Velbert. „Job verloren, das Einkommen bricht weg oder eine Trennung, wo plötzlich zwei Haushalte geführt werden müssen — die Wege in die Überschuldung sind vielfältig“, weiß Daniela Peschl von der Schuldnerberatung. „Sozialleistungen werden nicht regelmäßig überwiesen, der Arbeitgeber zahlt nicht oder Unterhalt bleibt aus. Man lebt über seine Verhältnisse, gibt mehr Geld aus, als reinkommt“, ergänzt Kollegin Vera Martin. Die beiden Juristinnen blickten gestern zusammen mit dem Sozialpädagogen Ralf Schwarzbach und der Sekretärin Melanie Hecker auf das 30-jährige Bestehen der Schuldnerberatung der Bergischen Diakonie in Velbert zurück.
Die begann 1987 mit einem Mitarbeiter und 70 Fällen. Im vergangenen Jahr wurden von drei Mitarbeitern 262 Fälle bearbeitet, in diesem Jahr haben die vier Mitarbeiter, zwei davon in Teilzeit, 309 alte und neue Fälle auf den Schreibtischen. Mitunter ist es Unerfahrenheit, die den Weg in die Schuldenfalle bereitet. „Da wird blind was unterschrieben — das passiert Männern wie Frauen“, hat das Beraterteam festgestellt. Einen besonders krassen Fall erlebte Vera Martin: „Da hatte eine Bank einer 60-jährigen fünf Lebensversicherungen verkauft, die ihr mit dem 96. Lebensjahr ausgezahlt werden sollten.“
Oder da war die Frau in Ausbildung mit Migrationshintergrund und drei Kindern, der Mann im Gefängnis.

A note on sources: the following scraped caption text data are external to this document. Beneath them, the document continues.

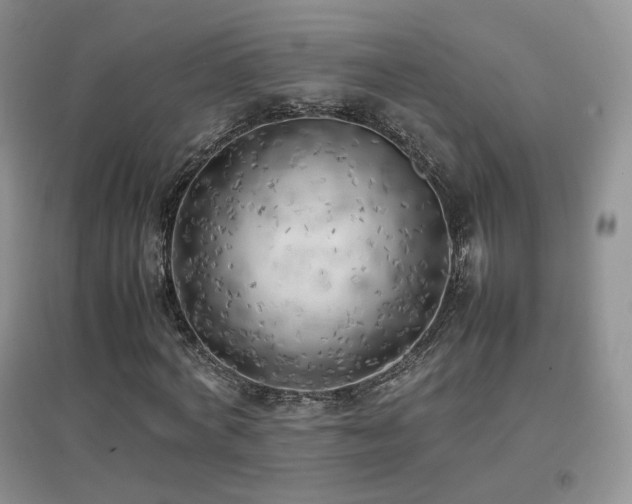 X0000096960772200802081230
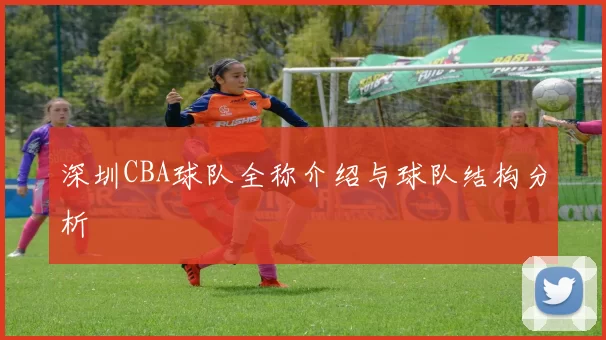 深圳CBA球队全称介绍与球队结构分析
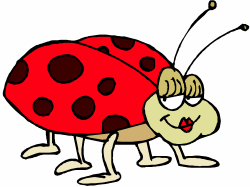 Ladybug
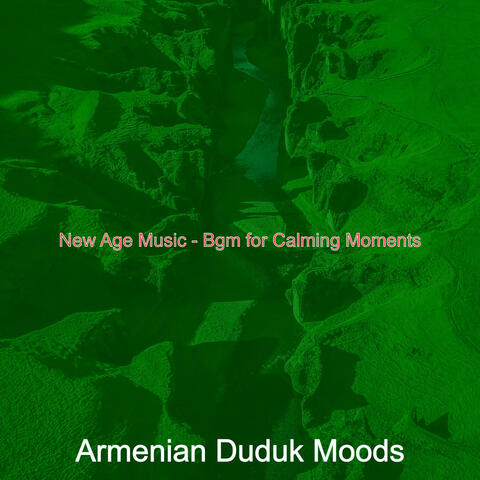 New Age Music - Bgm for Calming Moments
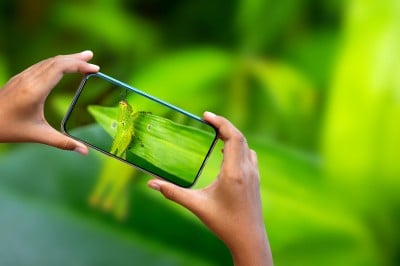 Tracking Insect and Bug Health in a Heartbeat From a Digital Camera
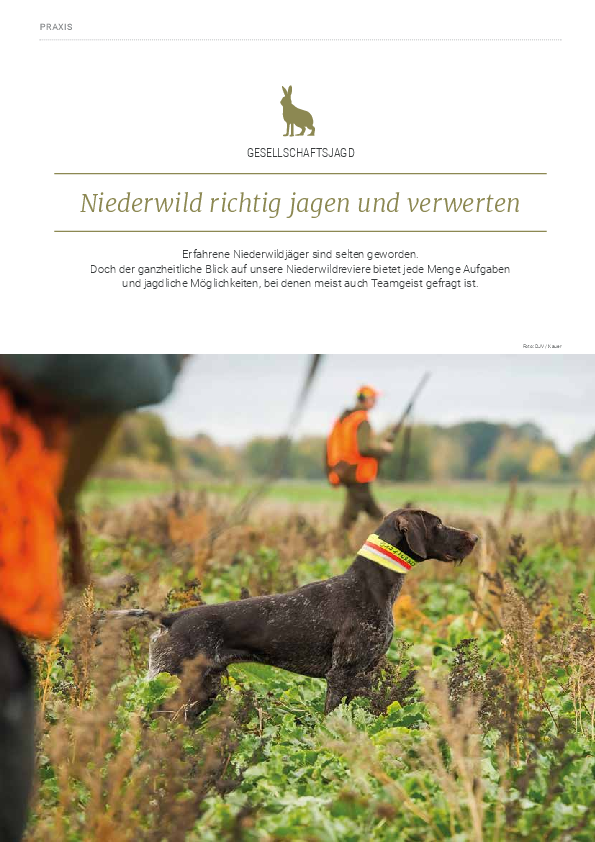 pdf-preview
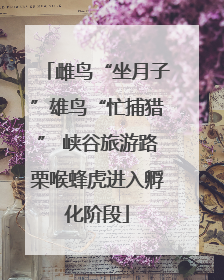 雌鸟“坐月子”雄鸟“忙捕猎” 峡谷旅游路栗喉蜂虎进入孵化阶段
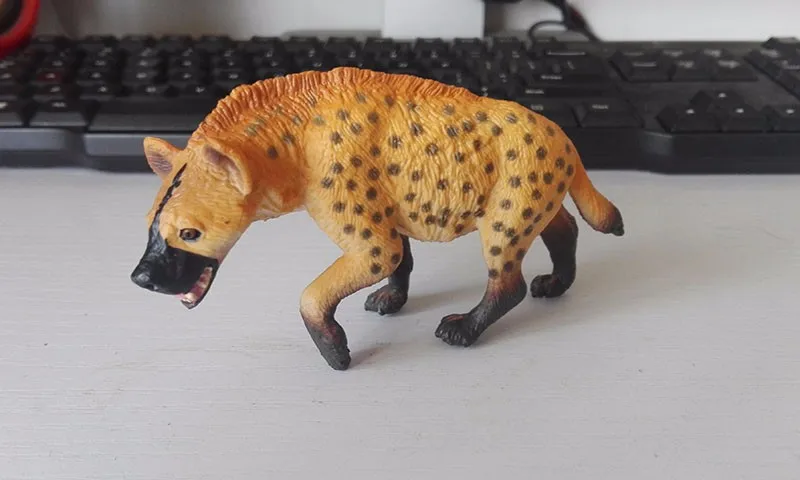 hyena Оригинальная натуральная дикая джунгли, ферма, животное, птица, серия, леопард, кошка, пантера, ягуар, Коллекционная модель, детская игрушка, подарок для детей - Цвет: hyena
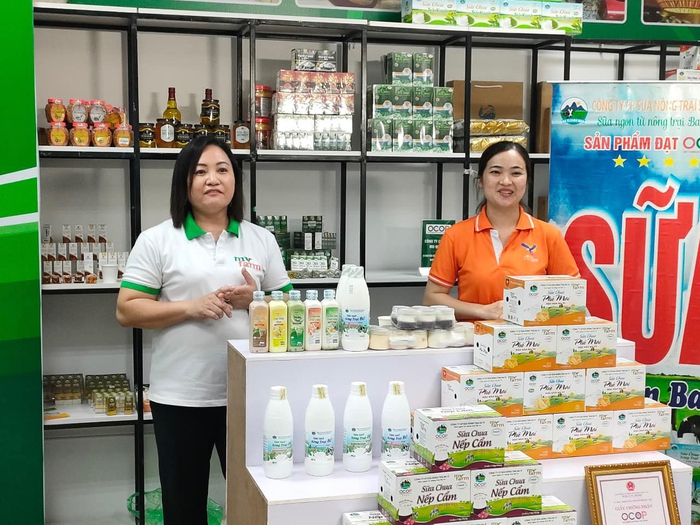 Hà Nội mở “Chợ đêm trên mây” hỗ trợ tiêu thụ sản phẩm OCOP - Ảnh 1.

Bald reichte die Ausbildungsvergütung vorne und hinten nicht, die Miete konnte nicht mehr gezahlt werden, die Kündigung folgte. Das war schon eine große Herausforderung“, sagt Peschl. Vera Martin kehrt die positiven Seiten ihrer Tätigkeit heraus: „Da kommen Menschen zu uns, die so verzweifelt sind, dass sie nicht mehr weiter wissen und an Selbstmord denken. Denen können wir die Angst vor einer Insolvenz nehmen. Sie gehen erleichtert wieder raus, haben den Kopf frei für andere Dinge. Wir können zu uns dann sagen ,Das haben wir gut gemacht’“, stellen die Beraterinnen fest.
Zu ihren Kunden gehören Menschen aller Alters- und Bildungsgruppen, vom 18-Jährigen bis zum Rentner, sogar Topverdiener mit einem großen Einkommen sind dabei. „Das Anspruchsdenken ist heute größer als früher“, so die Beobachtung der Schuldenhelfer. „Da müssen es denn die Turnschuhe für 160 Euro sein, auch wenn es welche für 20 Euro täten. Wenn man sich früher etwas leisten wollte, schaffte man sich das erst an, wenn das Doppelte auf dem Konto war“, sagt Peschl. Ebenso führt der problemlose Einkauf im Internet dazu, mehr zu bestellen, als es das Einkommen hergibt. „Es ist keine Seltenheit, dass sich das Problem der Überschuldung in die nächste Generation vererbt. Ich habe die Kinder hier sitzen, deren Eltern bereits zu Beratung kamen.“
Das Team begrüßt es, dass künftig das Thema Geld und Finanzen stärker im Schulunterricht berücksichtigt werden soll. „Wer meint, dass ihm die finanziellen Verpflichtungen über den Kopf wachsen, der sollte sich so früh wie möglich bei uns melden, und nicht erst, wenn der Gerichtsvollzieher vor der Tür steht“, rät das Team der Schuldnerberatung.